To bring my sorry diaphragm back to life, Alyson put me through an exhausting series of exercises, including Rock ‘n’ Roll (shifting back and forth between powerful belly breaths and crunching exhales while seated), Diaphragm Extensions (lying with my back on the floor and lifting a 20-lb. weight up and down with my belly muscles), and Exhale Pulsations (exhaling rapidly as if blowing out a candle 40 or 50 times). By the end, I felt bone weary, but strangely exhilarated. My lips, fingers, and toes were tingling, and the buzz lasted for hours. I don’t think my cells had ever been bathed in that much oxygen before.

Just before I left, Alyson had me do another BIQ reading. This time the gap was 2.75 inches, which translated into 72%, or a strong C+.

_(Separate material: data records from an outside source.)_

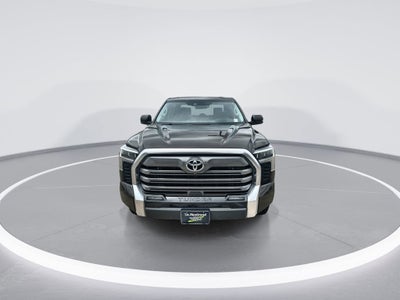 2024 Toyota Tundra 4WD Limited Hybrid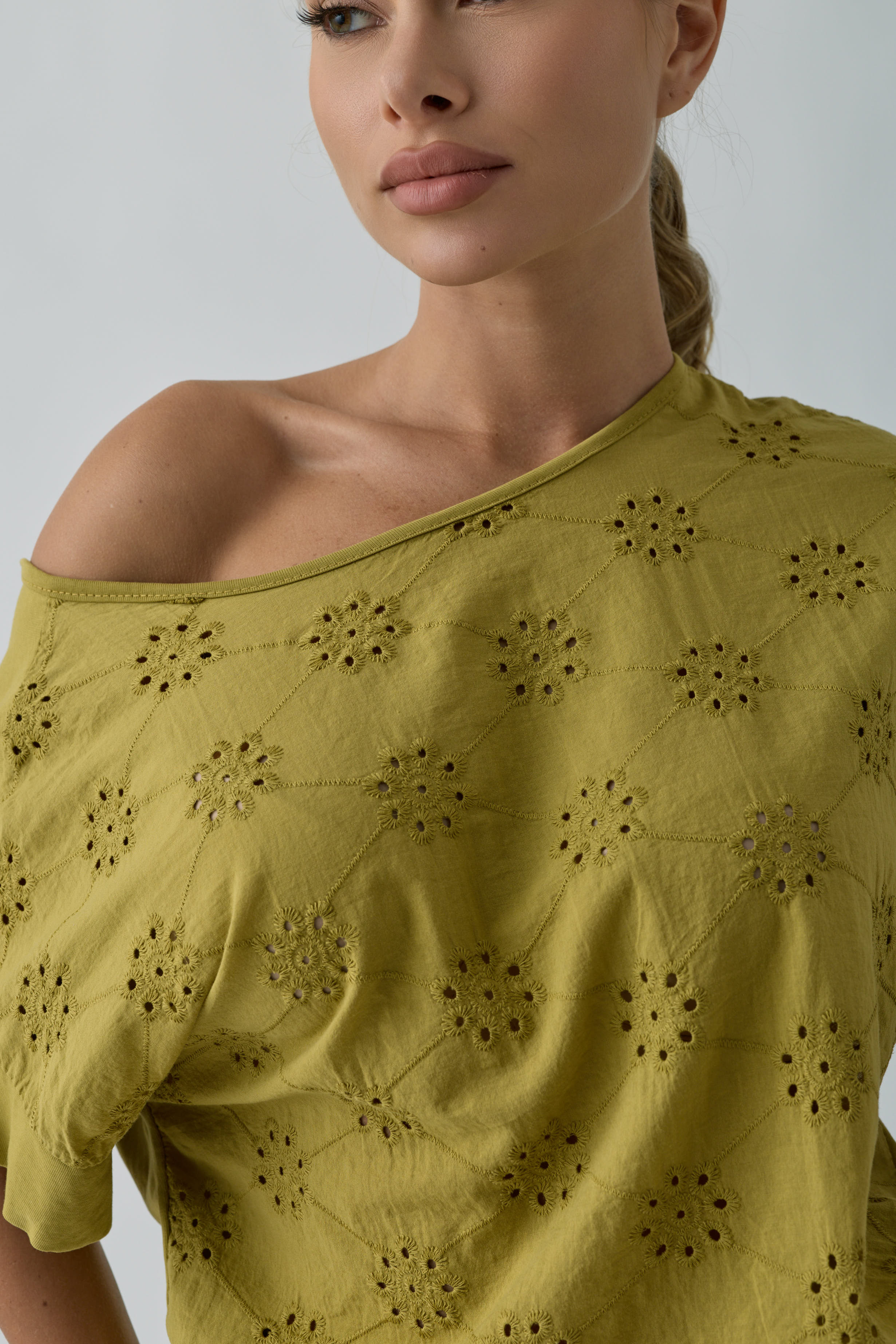 Maglia Alma Verde|Colore:Verde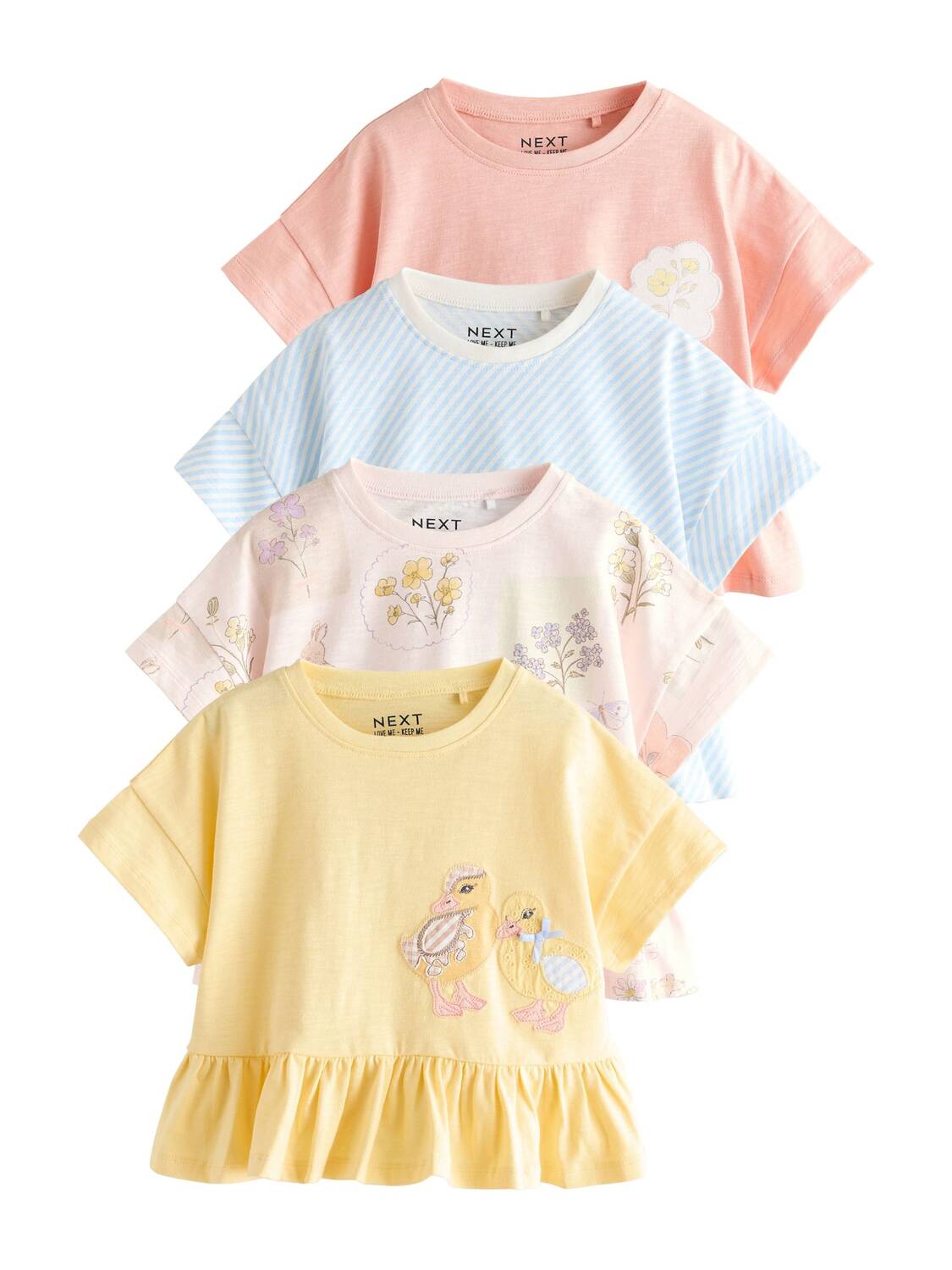 Next Футболка, мультиколор
Next Футболка, мультиколор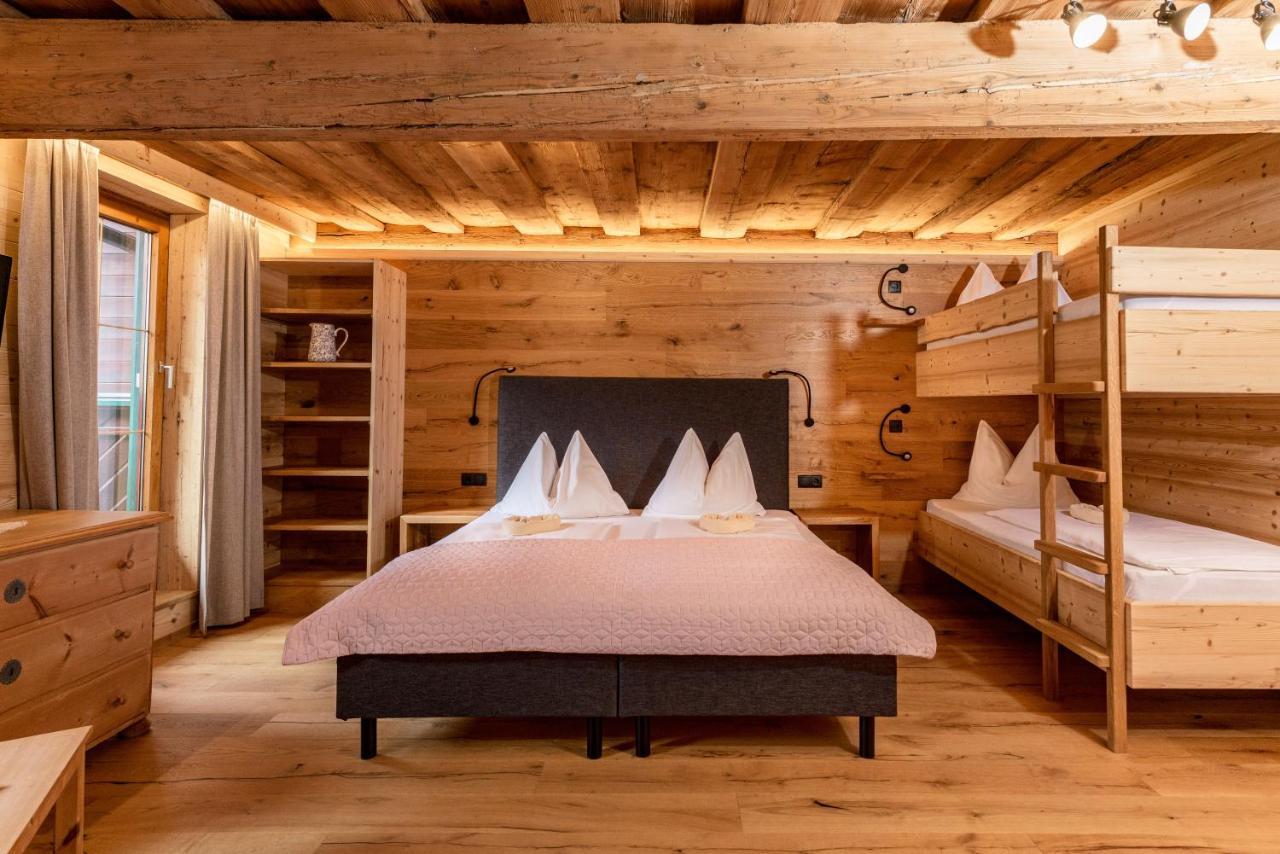 Das Kleine Bio Hotel Tiefenbach Schladming Exteriér fotografie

Maybe there was still hope.

My Breathing Regimen

The next day Dr. Vranich and I met on a video call. She was in her apartment in New York City, where she spends most of her time when she isn’t traveling the world teaching firefighters, pregnant women, extreme athletes, and other folks how to get more intimate with their diaphragms. She told me I was a rare specimen: a horizontal inhaler (good) and a vertical exhaler (not so good). She speculated that I’d conditioned myself after the tracheotomy to brace on the exhale and, as result, had a lot of stale CO2 stored in my body. “You’ve never had the muscle memory of a good exhale,” she said, “so we have to teach you a new way of moving your muscles.”

Her solution was to train me to relax my front abdominal muscles on the exhale and squeeze out the air with my diaphragm, lower abs, intercostals, obliques, and the muscles of my pelvic floor. Essentially, she figured that if I learned to breathe correctly with those muscles, my front abs would start mimicking the movement by association. “Your belly muscles are going to do it because your side muscles are doing it,” she explained.

So, over the next several weeks, Belisa put me through a grueling regimen aimed at strengthening my intercostals (the small muscles attached to the ribs) and my obliques (my side abdominals) and getting them to work in harmony with my other breathing muscles. She also taught me how to tilt my hips forward on the inhale and backward on the exhale to engage my glutes and pelvic floor muscles. “I want you to feel as if you’re being scooped out in the middle and your belly button is getting closer and closer to your spine,” she said.

It was hard mastering this motion, at first. But eventually, after several weeks of daily practice, it started to feel virtually automatic. My breath suddenly became fuller and more relaxed, and, every now and then, I could feel myself slipping into a natural breathing rhythm without even thinking about it. In the beginning, Belisa said my goal should be an 100% BIQ score, and by the end of week four, the readings began to climb into the high 80s.